### ABOUT THIS EXERCISE:
Retype the lines below exactly, from the one that contains "Touristes portant des" through the last, and leave every picture out.

### SOURCE MATERIAL:
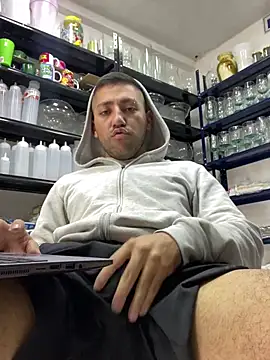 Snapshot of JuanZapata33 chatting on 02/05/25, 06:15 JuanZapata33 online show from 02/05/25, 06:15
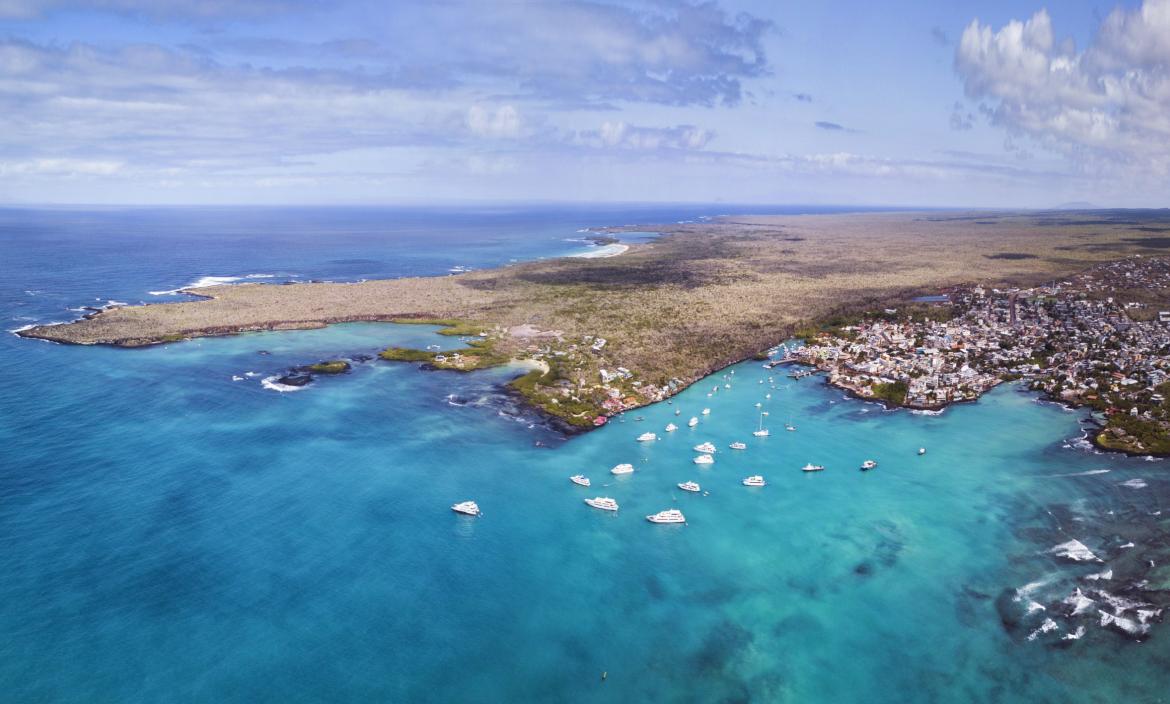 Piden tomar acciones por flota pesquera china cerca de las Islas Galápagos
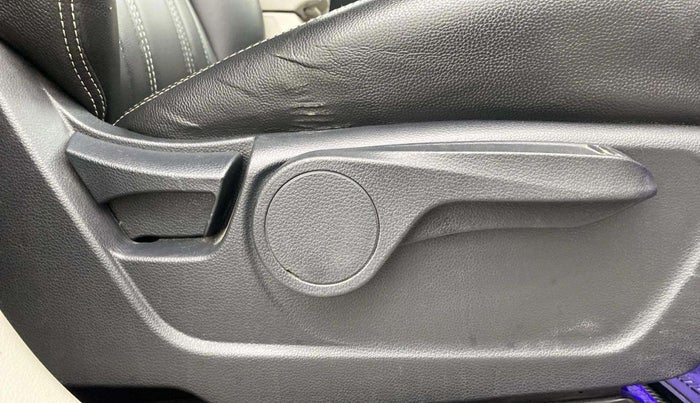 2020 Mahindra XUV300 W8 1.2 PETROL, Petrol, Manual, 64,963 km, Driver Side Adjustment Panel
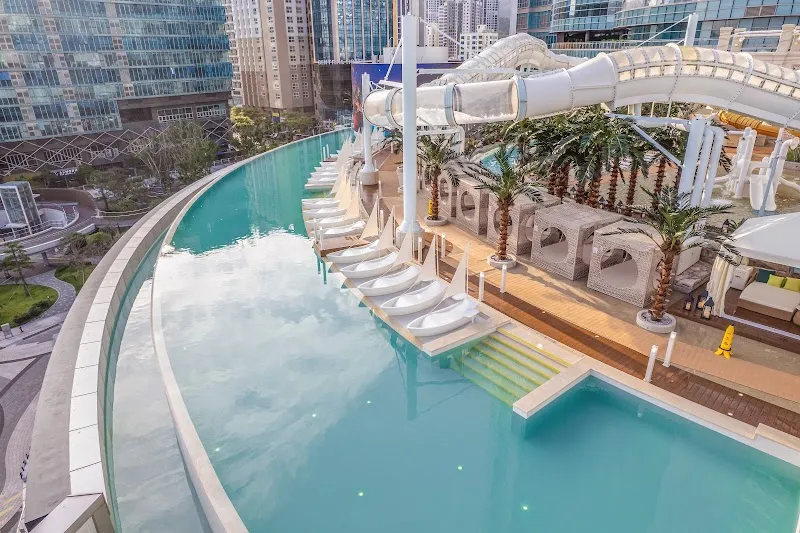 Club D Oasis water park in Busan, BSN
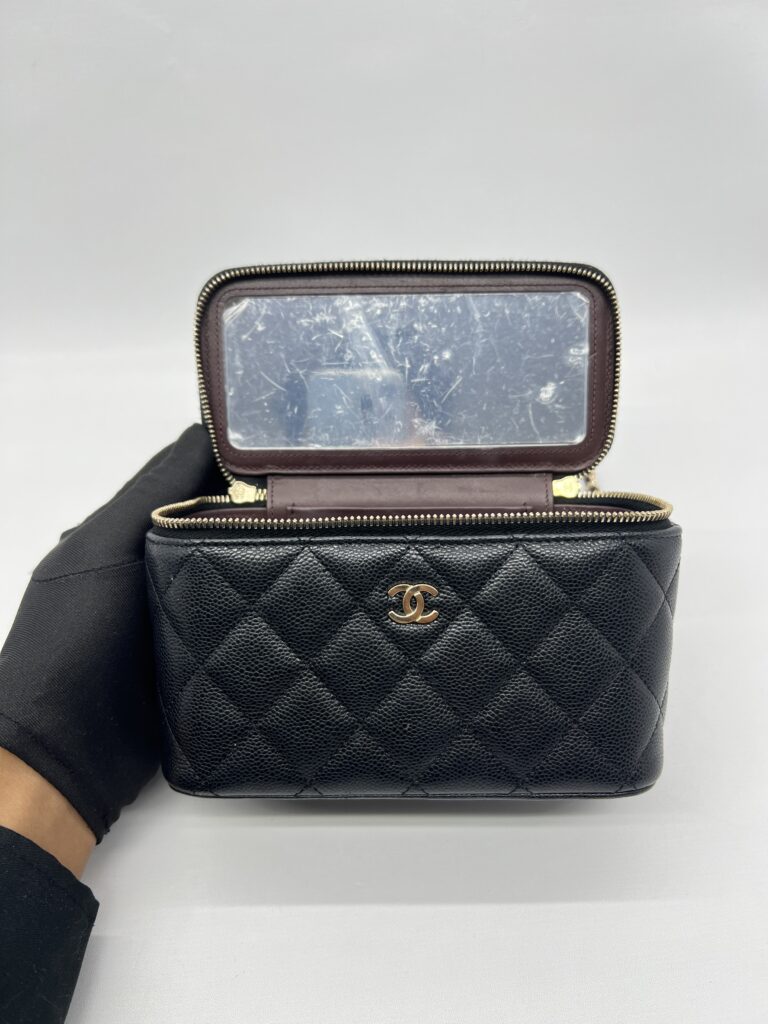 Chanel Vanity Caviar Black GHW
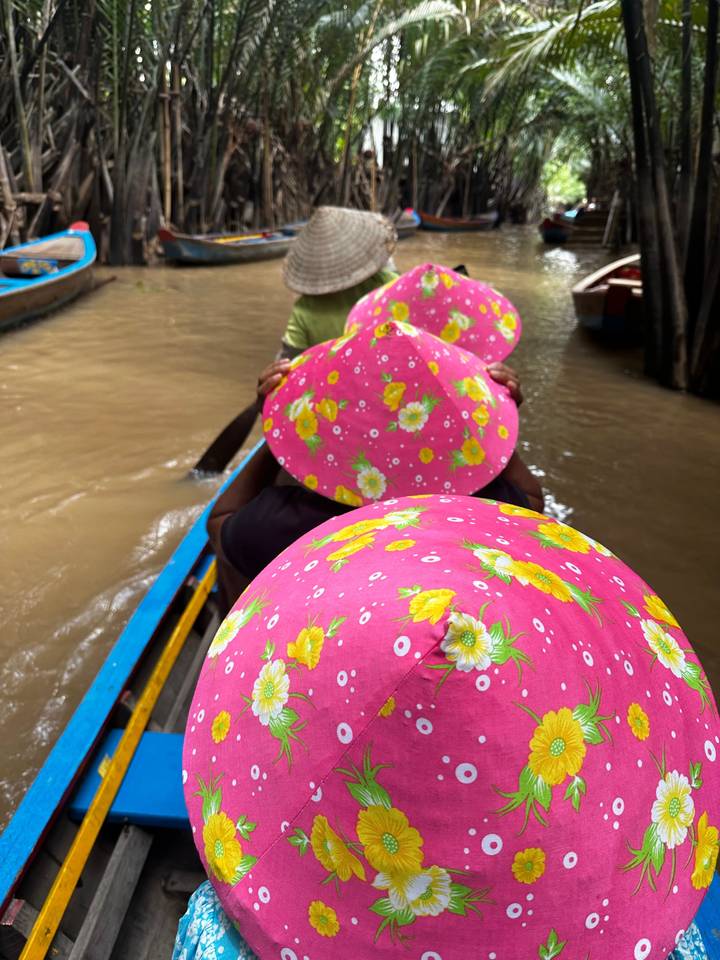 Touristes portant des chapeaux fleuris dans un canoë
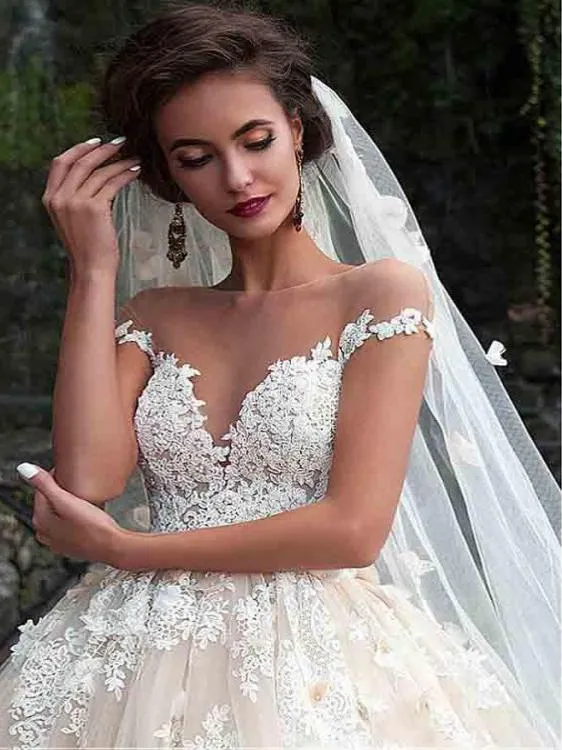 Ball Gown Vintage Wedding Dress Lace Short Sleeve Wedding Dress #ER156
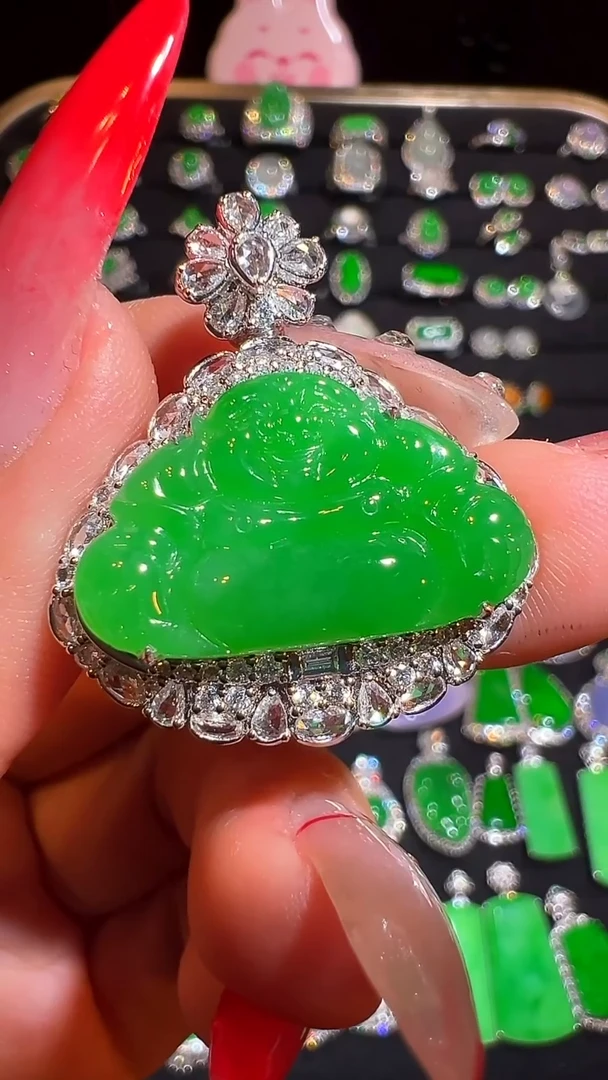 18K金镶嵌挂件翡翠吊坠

### WRITTEN REPLY:
 Touristes portant des chapeaux fleuris dans un canoë
 Ball Gown Vintage Wedding Dress Lace Short Sleeve Wedding Dress #ER156
 18K金镶嵌挂件翡翠吊坠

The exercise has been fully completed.